29. Lorsqu'une autorisation d'urbanisme a été délivrée en méconnaissance des dispositions législatives ou réglementaires relatives à l'utilisation du sol ou sans que soient respectées des formes ou formalités préalables à la délivrance de l'autorisation, l'illégalité qui en résulte peut être régularisée par la délivrance d'une autorisation modificative dès lors que celle-ci assure le respect des règles de fond applicables au projet en cause, répond aux exigences de forme ou a été précédée de l'exécution régulière de la ou des formalités qui avaient été omises. Elle peut, de même, être régularisée par une autorisation modificative si la règle relative à l'utilisation du sol qui était méconnue par l'autorisation initiale a été entretemps modifiée ou si cette règle ne peut plus être regardée comme méconnue par l'effet d'un changement dans les circonstances de fait de l'espèce.

30. S'agissant des vices entachant le bien-fondé du permis de construire, le juge doit se prononcer sur leur caractère régularisable au regard des dispositions en vigueur à la date à laquelle il statue et constater, le cas échéant, qu'au regard de ces dispositions, le permis ne présente plus les vices dont il était entaché à la date de son édiction. En outre, un vice entachant le bien-fondé de l'autorisation d'urbanisme est susceptible d'être régularisé, même si cette régularisation implique de revoir l'économie générale du projet en cause, dès lors que les règles d'urbanisme en vigueur à la date à laquelle le juge statue permettent une mesure de régularisation qui n'implique pas d'apporter à ce projet un bouleversement tel qu'il en changerait la nature même.

31. A la date du présent jugement, les vices relevés aux points 13 et 15, relatifs à l'insuffisance du dossier et à la méconnaissance des dispositions du règlement du PLUi-HD relatives aux espaces verts sont susceptibles d'être régularisés, cela sans apporter au projet un bouleversement tel qu'il en changerait la nature même.

32. Les parties ont été invitées à présenter leurs observations sur l'éventuelle mise en œuvre des dispositions de l'article L. 600-5-1 du code de l'urbanisme.
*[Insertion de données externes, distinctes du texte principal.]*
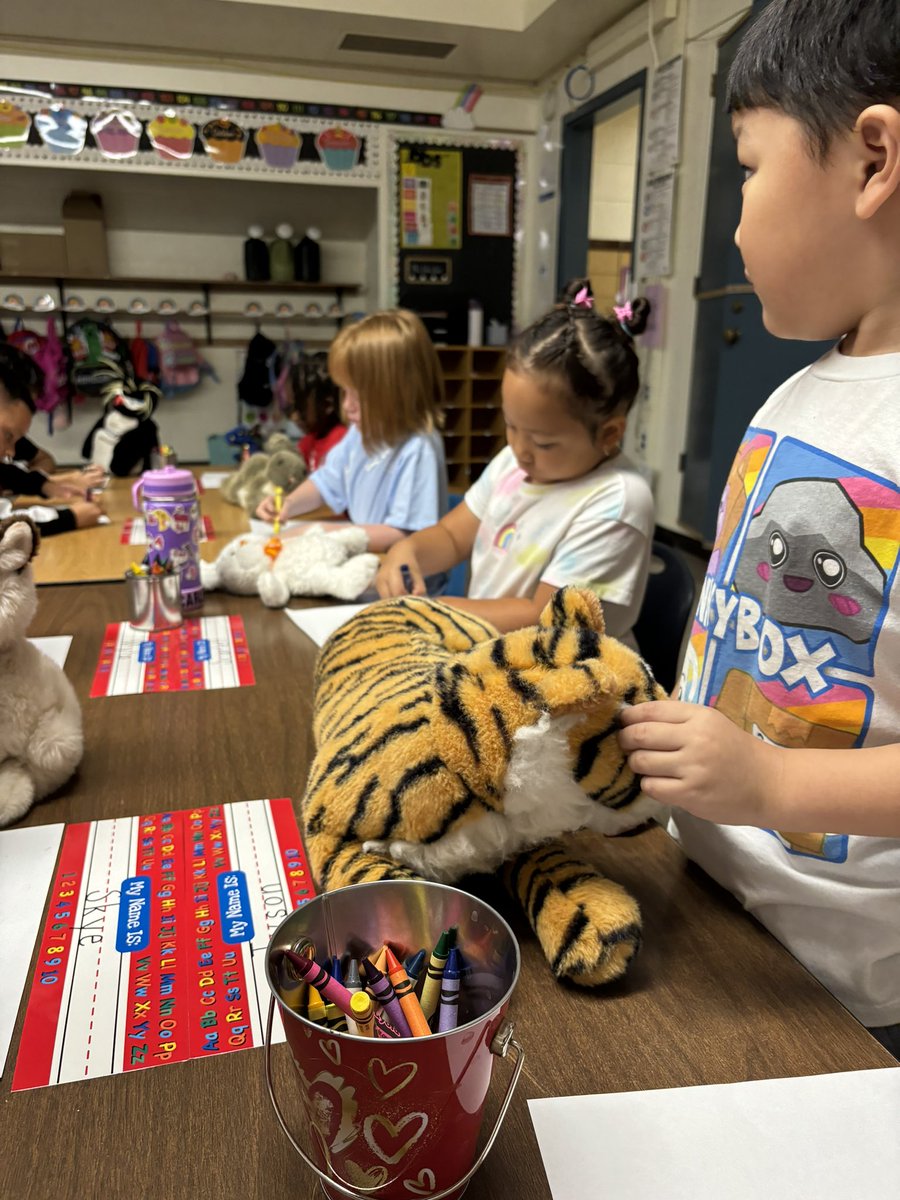 InspireKCKPS's tweet photo. Omg,  the students @EWareKckps are so adorable!! They are smart, kind and full of excitement and joy! I cannot wait to see their progress! You are a 10! #BetterEveryDayInEveryWay @kckschools https://t.co/14t92yyggE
Par suite, et alors que le pétitionnaire ne s'oppose pas à l'application de celles-ci, il y a lieu de surseoir à statuer pendant un délai de six mois à compter de la notification du présent jugement, dans l'attente de l'intervention éventuelle d'une mesure de régularisation propre à remédier à l'illégalité retenue.

DÉCIDE :

Article 1er : Il est sursis à statuer sur les conclusions tendant à l'annulation du permis de construire délivré le 23 janvier 2023 par la commune de Dijon à la SCCV Dijon-Route d'Ahuy- RA jusqu'à l'expiration d'un délai de six mois à compter de la notification du présent jugement, pour permettre à cette société de notifier au tribunal des mesures de régularisation des vices mentionnés aux points 13.et 15. du présent jugement.
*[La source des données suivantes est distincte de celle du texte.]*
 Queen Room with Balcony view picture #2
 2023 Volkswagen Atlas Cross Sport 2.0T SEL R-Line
Article 2 : Tous droits et moyens des parties sur lesquels il n'est pas expressément statué par le présent jugement sont réservés jusqu'en fin d'instance.

Article 3 : Le présent jugement sera notifié à l'association " Les Amis de la Terre Côte-d'Or ", l'association " Les Ami-es des Jardins de l'Engrenage ", l'association " Ligue pour la Protection des Oiseaux de Bourgogne-Franche-Comté ", l'association " France Nature Environnement Côte-d'Or ", M. A D, M. B E, la commune de Dijon et la SCCV Dijon-Route d'Ahuy RA.
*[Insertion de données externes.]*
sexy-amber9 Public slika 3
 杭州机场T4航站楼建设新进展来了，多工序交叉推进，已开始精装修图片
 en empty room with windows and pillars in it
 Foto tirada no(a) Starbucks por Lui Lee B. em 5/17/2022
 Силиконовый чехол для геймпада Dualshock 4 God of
Délibéré après l'audience du 18 avril 2024, à laquelle siégeaient :

M. Olivier Rousset, président,

Mme Marie-Eve Laurent, première conseillère,

Mme Océane Viotti, conseillère.

Rendu public par mise à disposition au greffe le 23 mai 2024.

La rapporteure,

M-E C

Le président,

O. Rousset

La greffière,

C. Chapiron

La République mande et ordonne au préfet de la Côte-d'Or en ce qui le concerne ou à tous commissaires de justice à ce requis en ce qui concerne les voies de droit commun, contre les parties privées, de pourvoir à l'exécution du présent jugement.